Rezensionsnotiz zu Die Tageszeitung, 13.10.1999

In einer Doppelbesprechung rezensiert Daniel Bax zwei Bücher mit Erzählungen junger deutscher bzw. ausländischer Autoren. Beide schneiden allerdings bei ihm nicht besonders gut ab.
1) Christian Kracht (Hg,): "Mesopotamia. Ernste Geschichten am Ende des Jahrtausends"
Bax zeigt sich spürbar genervt und auch gelangweilt von diesem Buch. Vor allem "eitle Selbstreferenz" ist seiner Ansicht nach in diesem Band ziemlich präsent. So wundert es nicht, wenn er feststellt, dass die Erzählungen nur dann einigermaßen präzise ausfallen, wenn es einen Ich-Erzähler gibt. Schwierigkeiten treten vor allem immer dann auf, wenn es gilt, sich in die Rolle einer anderen Figur hineinzudenken. Mindestens ebenso schwer wiegt für Bax die vorherrschende "selbstverliebte Dekadenz und (der) blasierte Zynismus". Man hat einen Zweitwohnsitz in Bangkok, ein "von" im Nachnamen und die Geschichten spielen in Davos oder auf Sri Lanka. "Die Hölle, das sind die anderen, so die Attitüde", stellt Bax fest. Das wär wohl alles halb so schlimm, wenn die Texte gut wären. Aber manches klingt, wie er feststellt, eher wie von Konsalik. Nur zwei Texte hebt er als verhältnismäßig gelungen hervor. In einem erzählt Stuckrad-Barre "so unprätentiös wie es ihm möglich ist" von einem Sommerjob, im anderen Elke Naters von einer "gruppendynmischen Urlaubsneurose".

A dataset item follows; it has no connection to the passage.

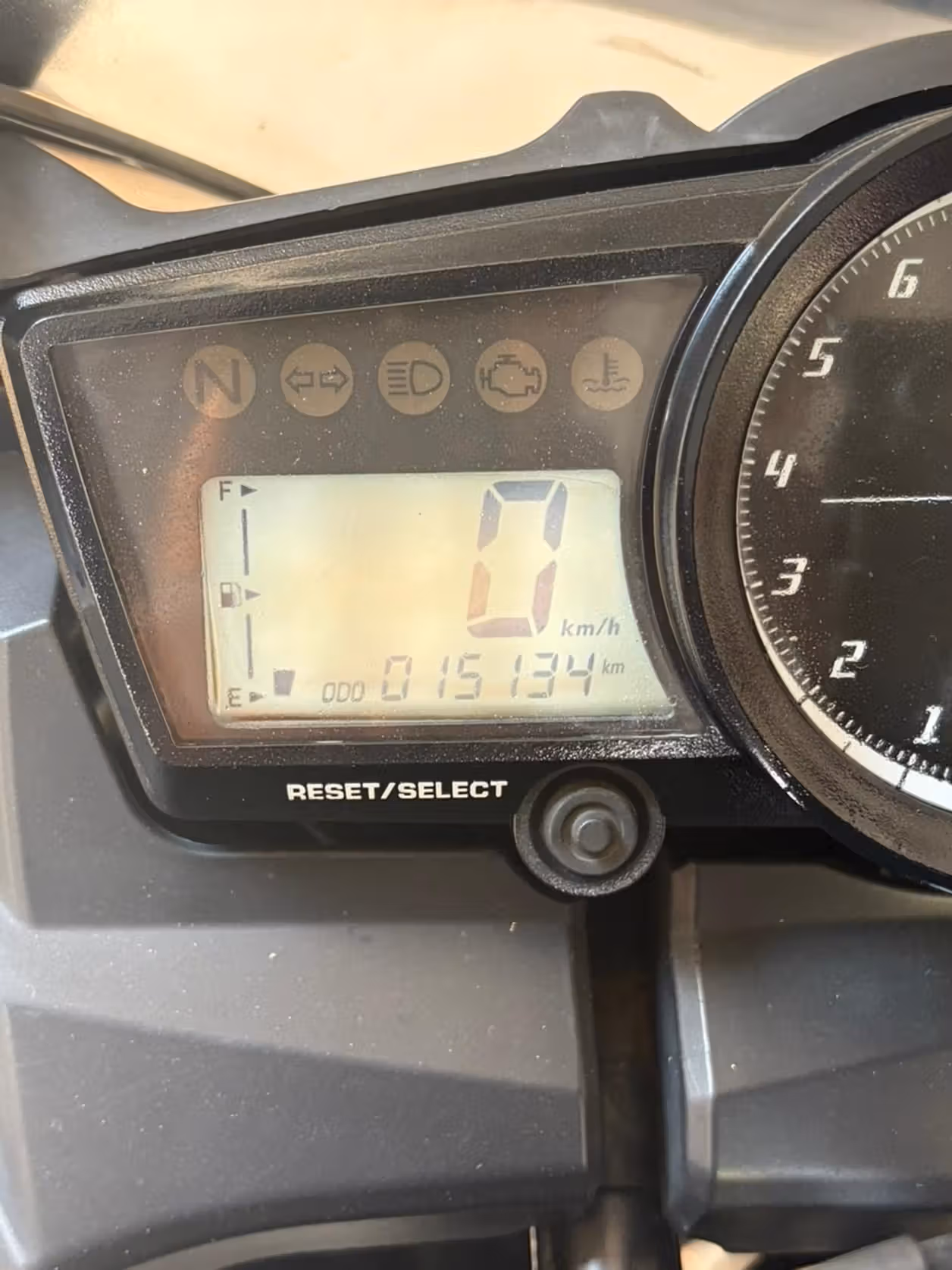 Yamaha YZF R15 S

2) Joachim Lottmann (Hg.): "Kanaksta. Geschichten von deutschen und anderen Ausländern".
Hier ist eine Gelegenheit vertan worden, meint Bax. Anstatt junge ausländische Autoren zu Wort kommen zu lassen, die wirklich etwas zu sagen haben, habe der Herausgeber offensichtlich bei der Auswahl das "Poesiealbum-Prinzip" verfolgt: "Jeder darf mal". Das ist aber nicht das Schlimmste: Bax macht - von einigen Ausnahmen abgesehen - eine erhebliche Ansammlung von "Selbstmitleid, Selbstbefragung und altbackenen Reflexionen über kulturelle Unterschiede" aus. Und weil man offensichtlich nicht genügend ausländische Autoren zusammen bekommen hat, kommen auch noch ein paar "Abiturdeutsche" zu Wort, so Bax. "Vor dieser Kanakenbewegung braucht jedenfalls niemand Angst zu haben", stellt der Rezensent fast mit Bedauern fest.